Calulate the elements of \({\bf W}\) for a Poisson regression- both with log and identity link. Compare.
Calulate the elements of \({\bf W}\) for a binary regression - both with logit and identity link. Compare.
(New) Which insight did this give you into the role of the link function and its effect on the covariance for the parameter estimates?
Let \(Y_1,Y_2,\ldots,Y_N\) be independent and exponentially distributed random variables, where \(Y_i\) has the density
\[f(y_i ; \alpha_i)=\alpha_i e^{-\alpha_iy_i} \text{ for } y_i>0, \alpha_i>0, i=1,2,\ldots,N.\]
a) Show that the distribution of \(Y_i\) comes from the exponential family. Use the general formulas to find E(\(Y_i\)) and \(\text{Var}(Y_i)\) as functions of \(\alpha_i\).
b) Show that the log-likelihood for the data \(y_1, \dots, y_n\) can be written as
\[ l = \sum_{i=1}^N \{-\alpha_i y_i + \ln \alpha_i\} \]
Use this to show that the deviance for a generalized linear model with estimated expectations \(\hat{\mu_i} = \hat{y_i}\) is
\[ D = 2 \sum _{i=1}^N \left\{ \frac{y_i-\hat y_i}{\hat y_i} - \ln \left(\frac{y_i}{\hat y_i} \right) \right\}\]
d) We want to test the null hypothesis
\[H_0: \ \alpha_1 = \alpha_2 = \cdots = \alpha_N = \alpha \]
against the alternative hypothesis that at least one \(\alpha_i\) is different from the others.
Use b) to find a test statistic for this problem.
What distribution does this test statistic have under \(H_0\)?
New: could you also use the Wald test? Explain how to do that (no need to calculated the mathematically explicit test statistic).
Assume that \(Y_1, \dots, Y_N\) are independent continuous distributed random variables, where the density of \(Y_i\) is given by
\[ f(y_i; \gamma_i) = \begin{cases} \frac{\gamma_i^2}{2}y_ie^{-\gamma_iy_i} &\text{ for } y_i \geq 0 \\ 0 &\text{ else} \end{cases}\]
where \(\gamma_i\) is a scalar parameter.
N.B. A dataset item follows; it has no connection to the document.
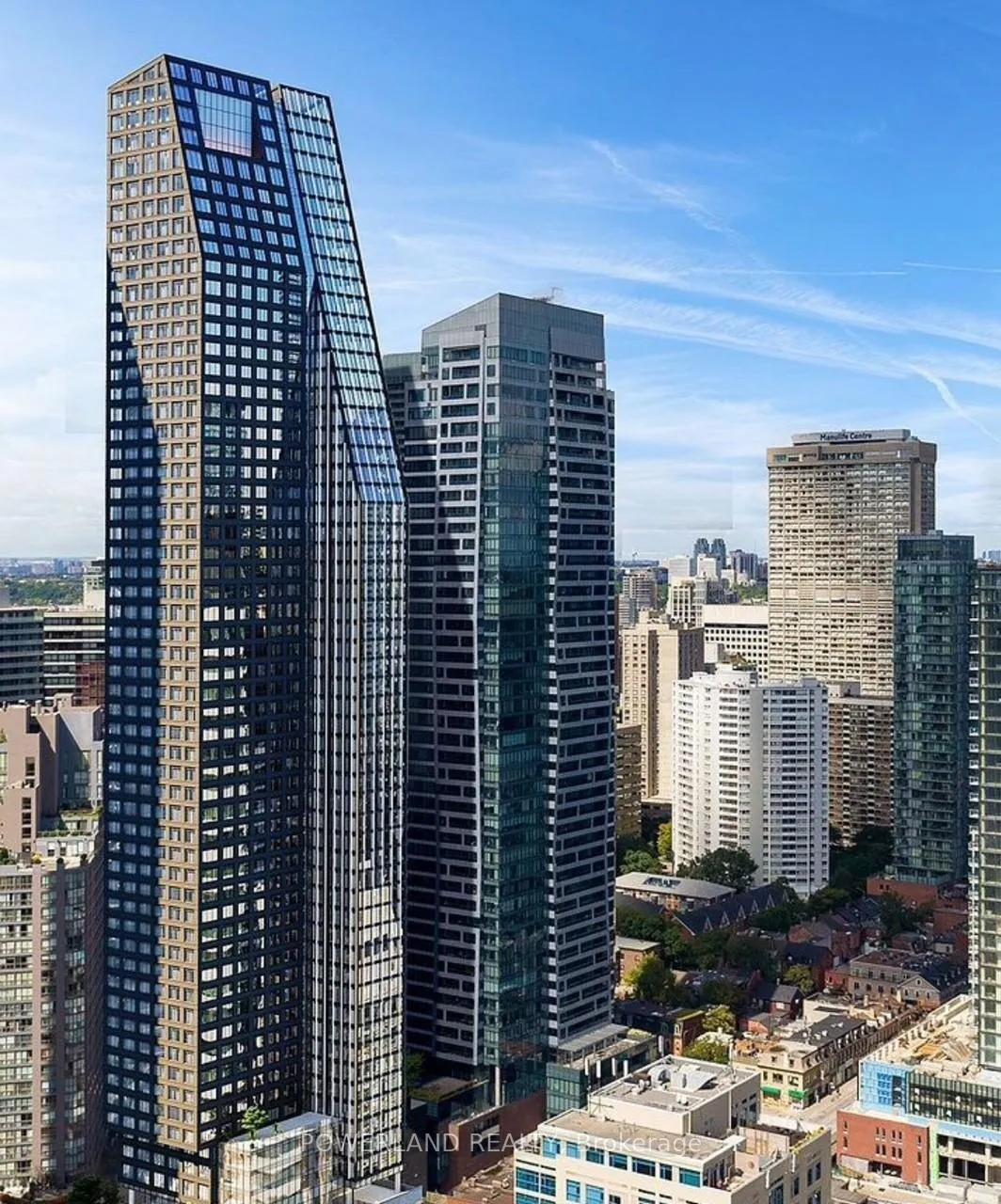 Front of Unit 4212, 8 Wellesley Street W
a) Show that the distribution of \(Y_i\) comes from the exponential family. Hint: usually we choose to let \(\phi=\frac{1}{2}\).
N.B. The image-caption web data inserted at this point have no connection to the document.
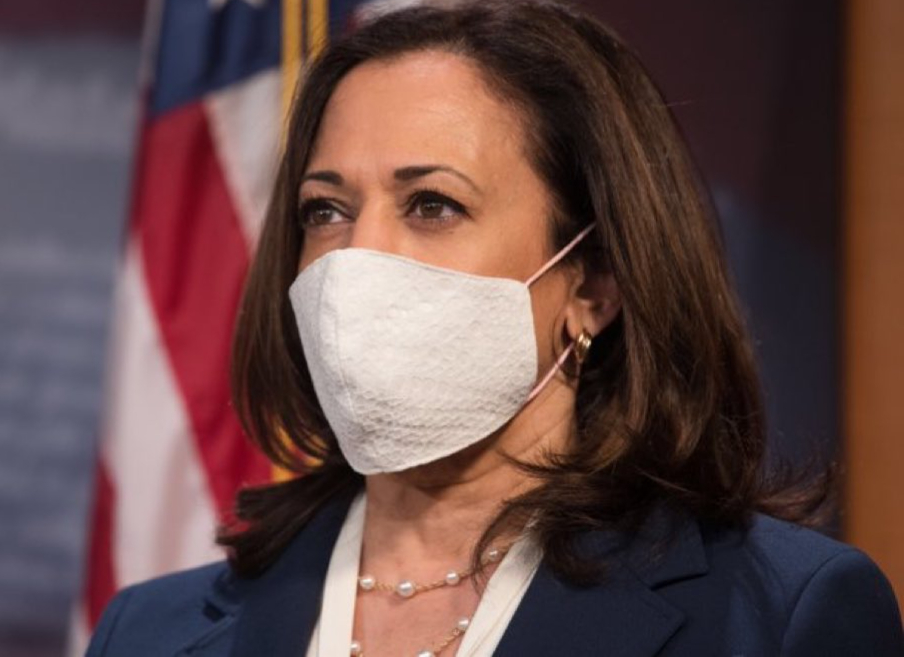 Kamala Harris wearing a mask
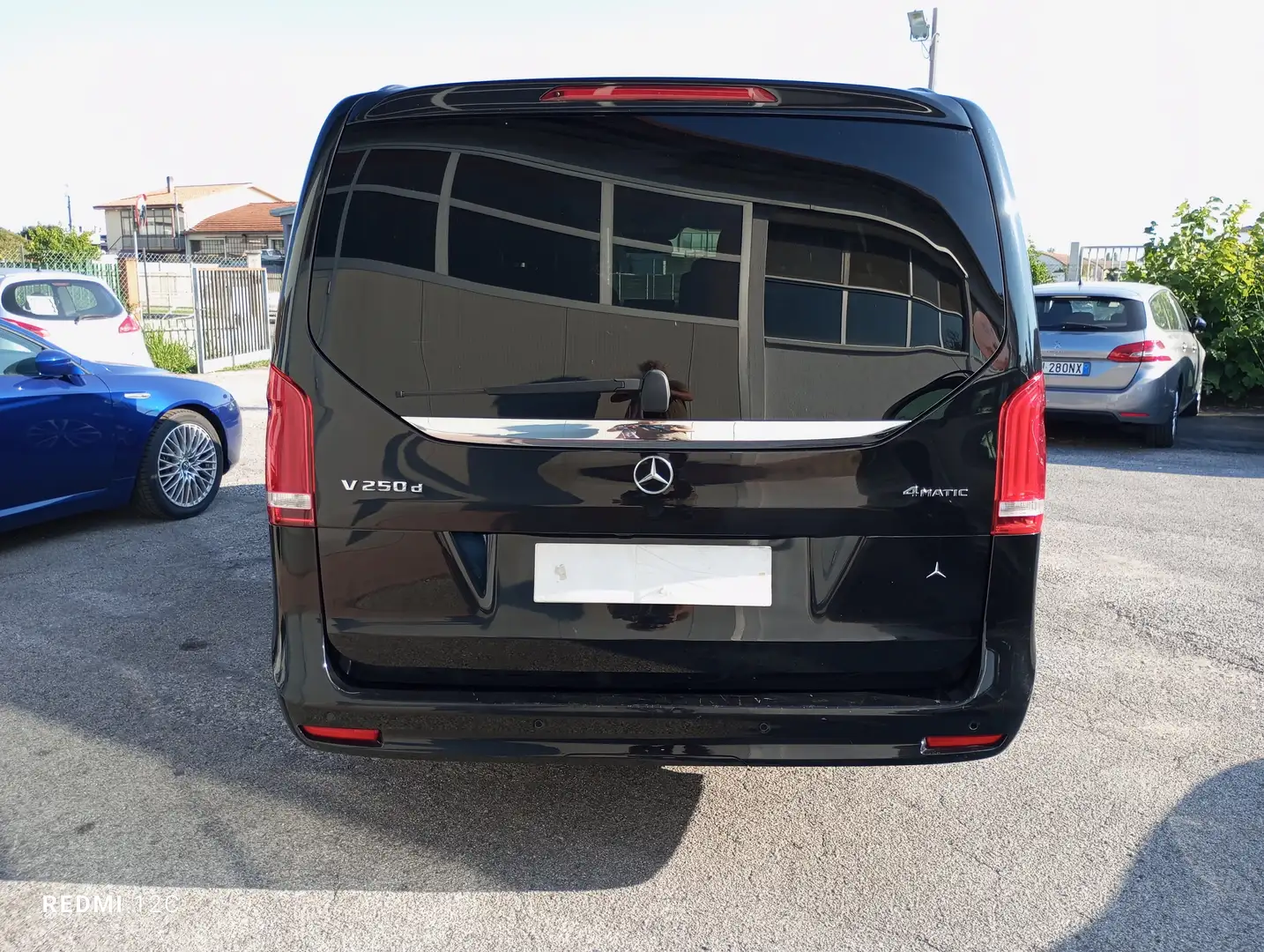 Mercedes-Benz V 250 AUT. 4 MATIC 6 POSTI LONG PREMIUM Nero - 2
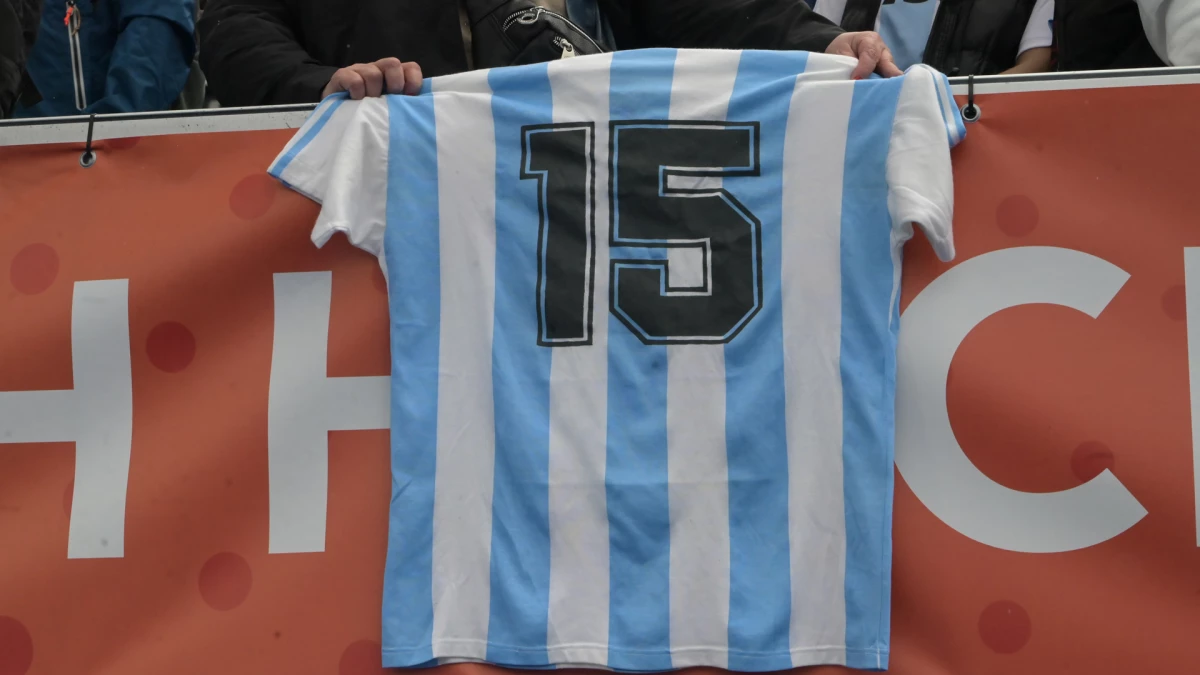 En las tribunas, siempre la “15”, una señal de que Tomás se encuentra junto a su familia y con el sello identificatorio de su papá Daniel | Foto: Mercedes Arrighi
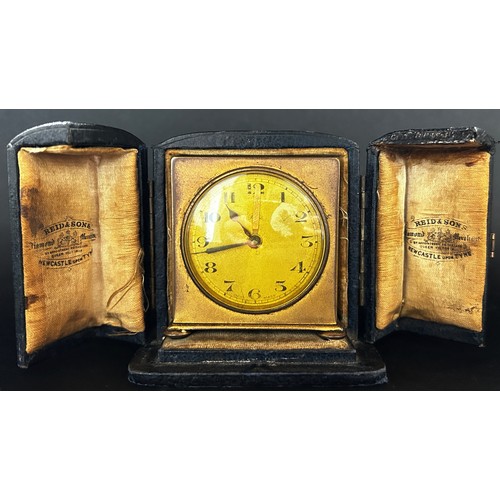 509 - Oak mantle clock with two train striking movement, further example with carved and shaped oak case w...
Use the general formulas to show that E\((Y_i) = 2/\gamma_i\) and Var\((Y_i) = 2/\gamma_i^2\).
Assume a GLM for \(Y_1, \dots, Y_N\) where the distribution of \(Y_i\) is as above for all \(i\), with the following link function:
\[\eta = g(\mu) = \ln(\mu) = x^T\beta\]
where \(x, \ \beta \in {\rm I\!R}^p\) and \(\mu\) is the expected value of \(y\).
b) Use general formulas to find the score vector \(s(\beta) = [s_1(\beta), \dots, s_p(\beta)]^T\) and the expected Fisher information matrix \(F(\beta) = [F_{ij}(\beta)]_{i,j = 1}^p\), expressed using \(y_1, \dots, y_N, \beta, N\) and the covariates \(x\).
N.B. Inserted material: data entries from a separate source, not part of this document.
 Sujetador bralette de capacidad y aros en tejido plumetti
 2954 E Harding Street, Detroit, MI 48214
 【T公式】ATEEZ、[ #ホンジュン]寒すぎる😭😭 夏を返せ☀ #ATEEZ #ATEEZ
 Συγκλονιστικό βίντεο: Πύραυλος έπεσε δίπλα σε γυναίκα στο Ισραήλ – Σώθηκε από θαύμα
Write down the equation that can be used to find the MLE for \(\beta\). Note that this is a recursive equation.
c) Write down the log-likelihood for the model above. Use this to find the deviance \(D\) for the model as a function of \(y_1, \dots, y_N\) and \(\hat{y_1}, \dots, \hat{y_N}\), where \(\hat{y_i}\) is the estimated expected value of \(y_i\).
Find an expression for the deviance residuals \(d_i\) using \(y_i\) and \(\hat{y_i}\).
We assume that the random variable \(\Lambda\) is gamma distributed with pdf
\[f(\lambda; \nu, \mu) = \frac{(\nu/\mu)^\nu}{\Gamma(\nu)} \lambda^{\nu-1} e^{-\lambda/\mu}; \ \lambda > 0\]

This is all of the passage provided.